As estratégias e as atividades concebidas em torno do desenvolvimento da


personalidade e do comportamento social mostraram-se promitentes. Os jogos, pela sua
vertente lúdica, mostraram-se determinantes para a cooperação em grupo e para a
compreensão, aceitação e cumprimento de regras, importantes marcos para a vida em
sociedade. Por outro lado, a exploração de atividades artísticas tenciona, quer ao nível
da expressão dramática quer da dança educativa - a expressão da criança - nas suas
manifestações mais peculiares, sejam elas desejos, tensões ou alegrias.
Mostrou-se também, como uma estratégia, a este nível fundamental, o recurso à
reflexão com as crianças, possibilitando-lhes pensar nas suas ações e nos porquês que as
desencadearam.
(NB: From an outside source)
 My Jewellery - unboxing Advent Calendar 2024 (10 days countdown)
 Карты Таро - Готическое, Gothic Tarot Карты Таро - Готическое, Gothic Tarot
Noutra perspetiva, a estimulação e o positivismo que advém da figura
do educador têm-se como importantes no processo de formação da criança,
considerados os níveis de bem-estar e reconhecimento que podem surgir.
A importância da partilha assenta na consciencialização das educadoras em
fomentarem este aspeto no grupo, para hodiernamente as crianças o conceberem como
uma referência para a ação em sociedade.
Por fim, não podemos deixar de considerar a ambiguidade que se reveste no
discurso das educadoras ao não relacionar a personalidade e o comportamento social no
delineamento dos objetivos educativos. Na verdade, além de ser um dos objetivos
patentes na Lei-Quadro da Educação-Pré-Escolar (1997), bem como nas OCEPE
(Ministério da Educação, 1997), constitui-se como eixo básico da ação educativa.